I think that may be the interesting bit. Because it’s a weird number.
Let’s assume someone is a capital billionaire, who inherited Daddy’s packet of money and is just living off the dividends/interest/rents. Everything’s in long-term investments, nothing gets messed with, and everything gets taxed at the long-term capital gains rate (which was 15% in 2005). With a billion bucks producing the average good ROI of 10%, that means $100M in income, of which the Feds get 15% ($15M) and our nominal billionaire has $85M a year to roll around in, pay rent, buy stupid shoes, pay the assholes who manage the packet and put children through college.

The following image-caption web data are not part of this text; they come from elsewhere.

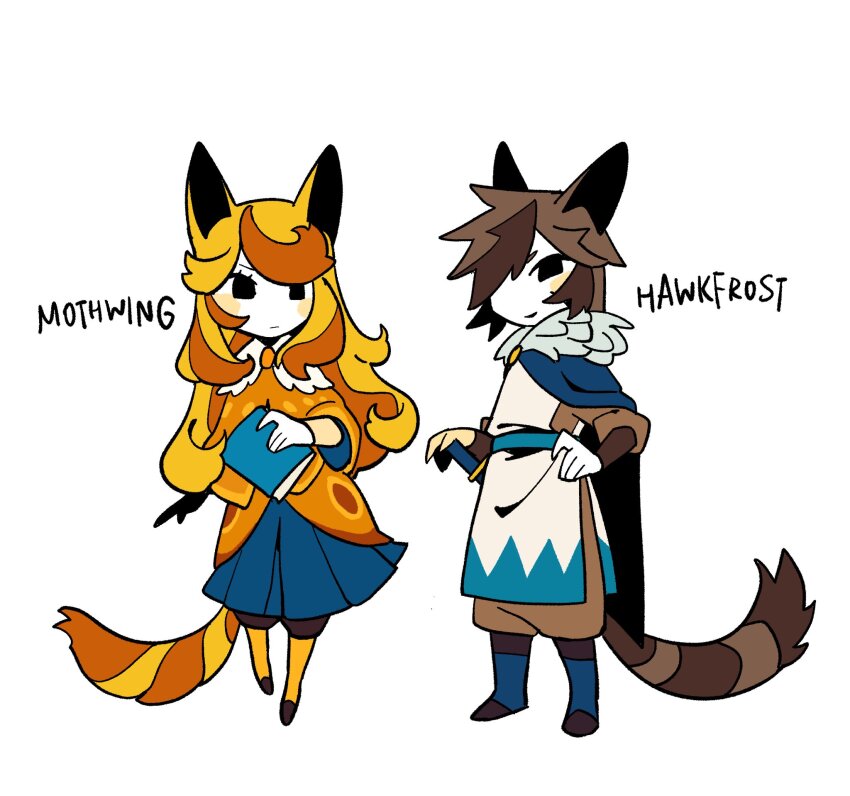 1boy, 1girl, animal_ears, blonde_hair, blue_capelet, blush_stickers, book, boots, brooch, brother_and_sister, brown_hair, brown_pants, capelet, cat_boy, cat_ears, cat_girl, cat_tail, character_name, chinese_commentary, commentary_request, deformed, dress, flat_color, full_body, fur-trimmed_capelet, fur_trim, hair_over_one_eye, hawkfrost, highres, holding, holding_book, jewelry, long_hair, looking_at_viewer, mothwing, orange_capelet, orange_dress, pants, personification, rehtaef, short_hair, siblings, simple_background, sword, tail, the_new_prophecy, tunic, very_long_hair, warrior_cats, weapon, white_background, white_tunic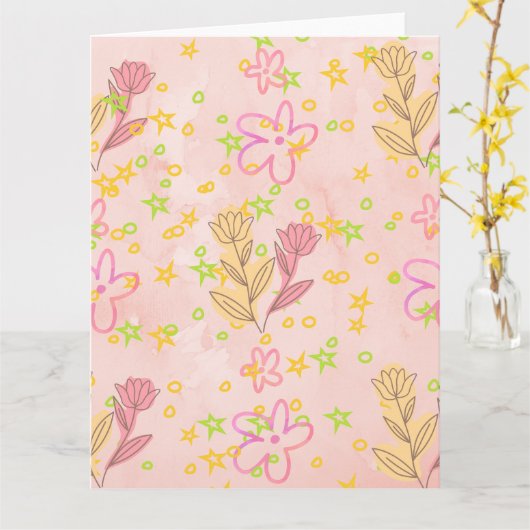 Minimal Floral Doodle Pattern –Pastel Pink pattern Kaart (Gele Bloem)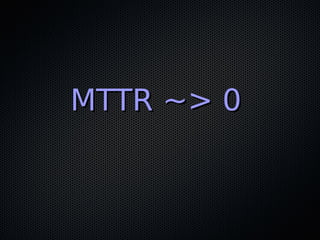 MTTR ~> 0MTTR ~> 0
 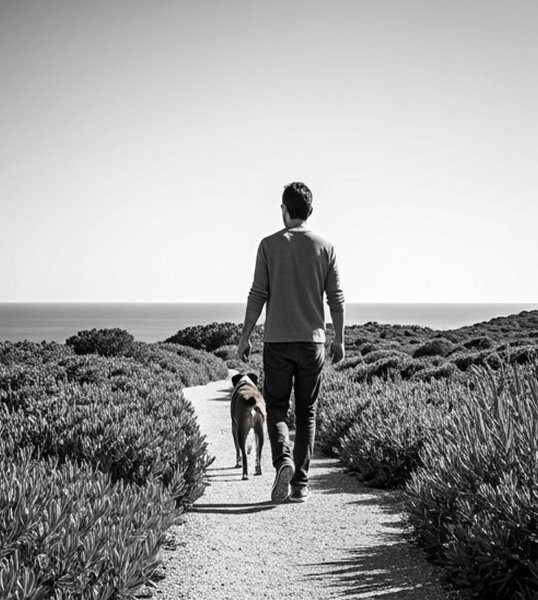 Giampy passeggia con un cane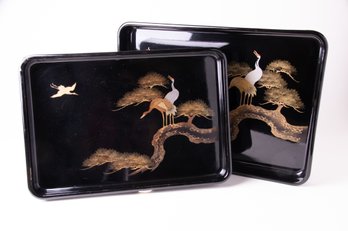 2 Japanese Lacquer Trays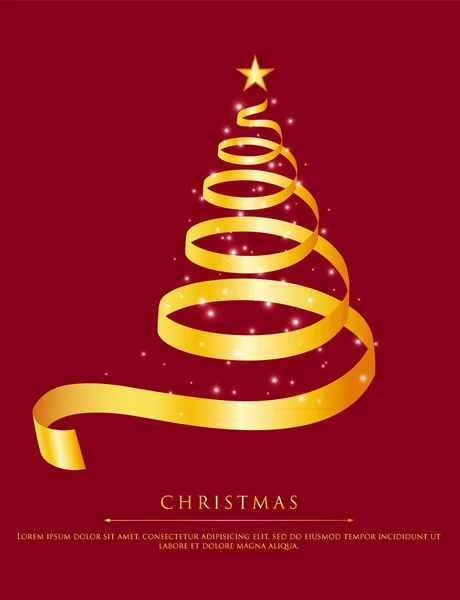 抽象的なゴールドのクリスマス ツリー — ストックベクタ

Easy enough to do, with a tax rate of 15%. This someone could literally do nothing with his days but smoke bowls and eat Cheetos and would still be exceedingly comfortable.
Let’s assume this someone is not capable of sitting still and bong-hitting his way through $85M a year. Our someone gets a limited run TV show that pays $3M an episode for 14 episodes a year. That will be taxed at the income rate, which in 2005 was either 39%, or the 35% AMT rate, paying $14.7M on $42M. Assume the lower, which puts gross total income at $142M a year, total tax bill of $29.7M, and pushes the tax rate up to 20% total.
So… that other $8M in income, $8.3M in taxes and and 5% on the tax rate that comes from… where? Short-term capital gains? Churn? Russian suitcases full of money? But 2005 was a dog of a stock-market year – it lost 200 points between Jan 1 and Dec 31 and was all over the trend map, up to 10,800, down to 10,100. Credit was tight, money was expensive because that was year 3 of Shrub’s War on Nouns and we were looking at a mini-recession. Real estate was janky that year – while the middle class was fine on regular fixed, insured mortgages, the luxury buyers were in a credit crunch. (Also, if this was a normal to better than average year for Cheeto-duster, then he’s barely an asset billionaire, and not anywhere close to an income billionaire. He’s not in the same class with Gates, Musk, Buffett or Soros, and he’s nowhere near the oligarchs’ playground. Which may be what’s gotten him and us into this quagmire. He really wants to be on that team, and a classless trust-funder from Queens just doesn’t play at that level.) I doubt the extra funds and taxation were entirely short-term gains given that it was a bad year, and there’s a fairly large write-down in there to account for, as well. Given that developers usually are leveraged up to their eyebrows, if not their hairlines, how much damage did a credit crunch do? Is that why we’re getting 2005 now, because it’s the best of the bad lot?
I don’t know what the hole is, but there is a hole in these numbers.